Data provided
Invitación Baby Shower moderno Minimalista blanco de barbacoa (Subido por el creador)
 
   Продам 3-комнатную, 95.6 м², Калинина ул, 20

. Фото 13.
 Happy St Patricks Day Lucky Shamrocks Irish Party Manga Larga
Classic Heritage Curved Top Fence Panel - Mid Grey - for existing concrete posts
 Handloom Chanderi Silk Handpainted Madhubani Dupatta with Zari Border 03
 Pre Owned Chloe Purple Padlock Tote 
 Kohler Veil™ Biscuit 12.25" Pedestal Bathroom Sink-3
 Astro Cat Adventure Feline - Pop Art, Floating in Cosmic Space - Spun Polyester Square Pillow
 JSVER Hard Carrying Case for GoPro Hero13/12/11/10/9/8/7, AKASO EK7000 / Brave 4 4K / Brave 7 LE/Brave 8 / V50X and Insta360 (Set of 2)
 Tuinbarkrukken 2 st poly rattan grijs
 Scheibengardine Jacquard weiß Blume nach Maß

Task statement
Print every record above exactly as it stands.

Task output
Invitación Baby Shower moderno Minimalista blanco de barbacoa (Subido por el creador)
 
   Продам 3-комнатную, 95.6 м², Калинина ул, 20

. Фото 13.
 Happy St Patricks Day Lucky Shamrocks Irish Party Manga Larga
Classic Heritage Curved Top Fence Panel - Mid Grey - for existing concrete posts
 Handloom Chanderi Silk Handpainted Madhubani Dupatta with Zari Border 03
 Pre Owned Chloe Purple Padlock Tote 
 Kohler Veil™ Biscuit 12.25" Pedestal Bathroom Sink-3
 Astro Cat Adventure Feline - Pop Art, Floating in Cosmic Space - Spun Polyester Square Pillow
 JSVER Hard Carrying Case for GoPro Hero13/12/11/10/9/8/7, AKASO EK7000 / Brave 4 4K / Brave 7 LE/Brave 8 / V50X and Insta360 (Set of 2)
 Tuinbarkrukken 2 st poly rattan grijs
 Scheibengardine Jacquard weiß Blume nach Maß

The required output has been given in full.